We boarded what I would call a ‘monster truck’ (although these seem to be the standard 4WD in Iceland) and set out for the national park down an off-road trail.
Along the way, we spotted an arctic fox and wild reindeer roaming the plains, so we pulled over to get a better look and take some photos. Apparently it is quite rare to spot these animals – especially two different kinds in one trip – so it certainly was an awesome addition to the tour.
After the 4WD journey across the valley, the mighty glacier came into view. We could spot the intricate patterns that had formed in the ice, revealing the layering that had occurred over hundreds of years – including periods of volcanic activity with layers of ash breaking up the stark whites and blues of the thick ice.
Safety is important when adventuring into this harsh landscape so we geared up in a harness, crampons and helmet prior to heading out onto the glacier.
The 45 minute walk across Breiðamerkurjökull – one of Vatnajökull’s biggest outlet glaciers, was an adventure in itself. The ever-changing natural conditions had formed glacial lakes and rugged ice formations, which we were able to truly appreciate as we began our climb up hill and looked out over the valley below.
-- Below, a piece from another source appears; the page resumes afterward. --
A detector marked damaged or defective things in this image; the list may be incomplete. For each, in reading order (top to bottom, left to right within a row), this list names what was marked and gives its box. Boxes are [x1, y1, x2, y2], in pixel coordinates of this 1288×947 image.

After navigating our way across the glacier, we climbed down toward the entrance of the ice cave. From the outside, you have no idea of what you are about to encounter from the inside. The exterior is covered in thick white ice and rock although after you enter the cave, an entirely different world appears.
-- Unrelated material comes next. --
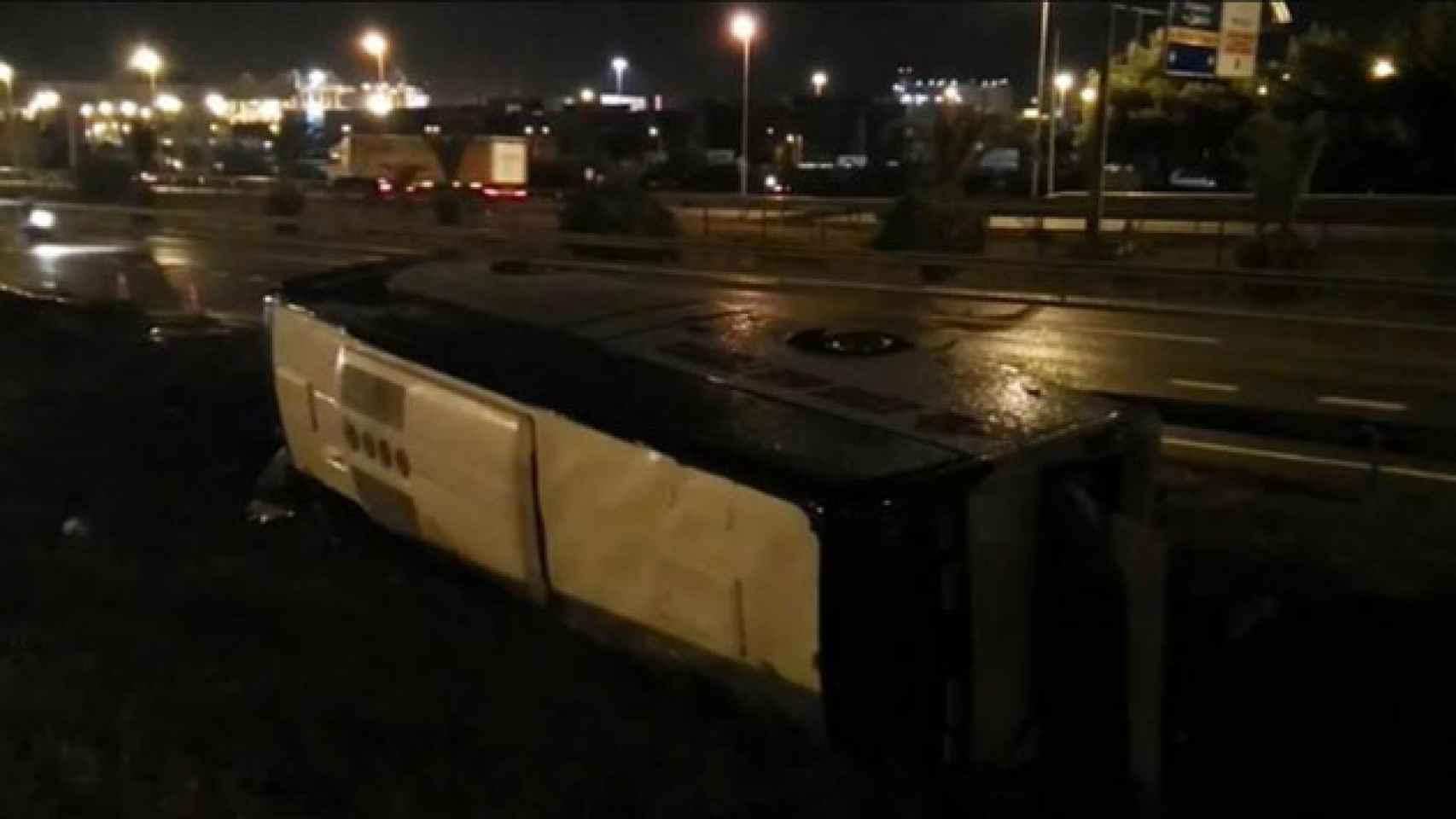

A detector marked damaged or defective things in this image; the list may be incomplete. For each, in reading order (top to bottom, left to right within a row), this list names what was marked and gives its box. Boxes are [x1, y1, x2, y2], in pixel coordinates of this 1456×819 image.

overturned bus [262, 258, 1164, 809]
I spent the first few minutes just being in complete awe of its natural beauty. Hundreds of different shades of blue featured throughout the ice, and as the light from outside filtered through, it illuminated the thinner sheets and revealed the most vibrant blue hues.
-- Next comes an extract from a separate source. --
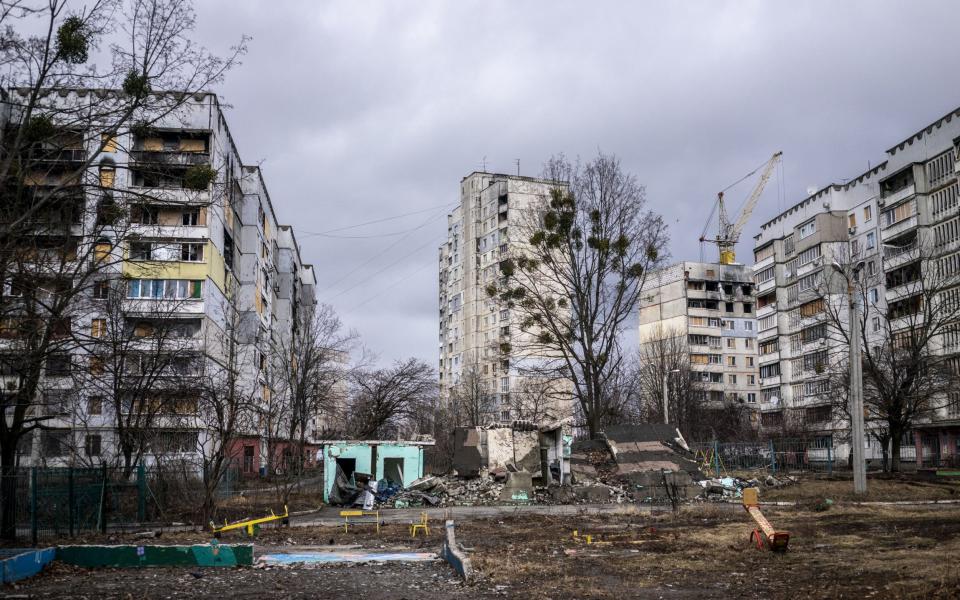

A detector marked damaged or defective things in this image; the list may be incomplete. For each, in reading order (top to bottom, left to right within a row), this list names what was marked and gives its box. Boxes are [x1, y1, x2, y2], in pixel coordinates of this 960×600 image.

damaged apartment building [0, 89, 318, 474]
damaged apartment building [438, 173, 572, 426]
damaged apartment building [636, 262, 756, 418]
damaged apartment building [752, 108, 960, 464]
The sound of glacial water flowing through a creek along the cave floor also brought a real sense of peace and tranquility to the setting – it was just us and nature.
We had about an hour to spend in the caves which was ample time to get some photos and just appreciate the natural surroundings.
The remoteness of this landscape is what makes this experience so unique. There is another blue ice cave found relatively nearby, although many more companies have consent to visit and the crowd numbers can be quite large at times which makes for a less authentic experience – not to mention the difficulty trying to get a photo without people in it. We felt so isolated and completely immersed in nature on this trip which was such an amazing feeling.
Each year the glacier retreats and reforms, although there is a general pattern of glacial retreat over time which was quite disheartening to hear. Our local guide Vésteinn showed us where the previous years’ ice cave was about 100m away, and how much closer it once was to the ocean. So if you are wanting to experience this for yourself, the sooner the better, as one day it may all disappear!
I’d like to thank Vésteinn and the team at Glacier Adventure for this amazing experience, it was the highlight of my trip to Iceland! I loved that the family running the adventure tour company had occupied the region for many generations and that locals were running the tours. It made you feel that you were in very safe hands, having someone that had grown up in the region and spent years observing the changes, dangers and patterns that came with this harsh but impressive landscape.
The Blue Ice Cave Adventure tour operates from mid-November to mid-March. The groups were small and personal, with a maximum of 8 people per trip. If you’re visiting Iceland over the summer, you can still experience the glaciers on one of the ice climbing or glacier walking tours run by Glacier Adventure.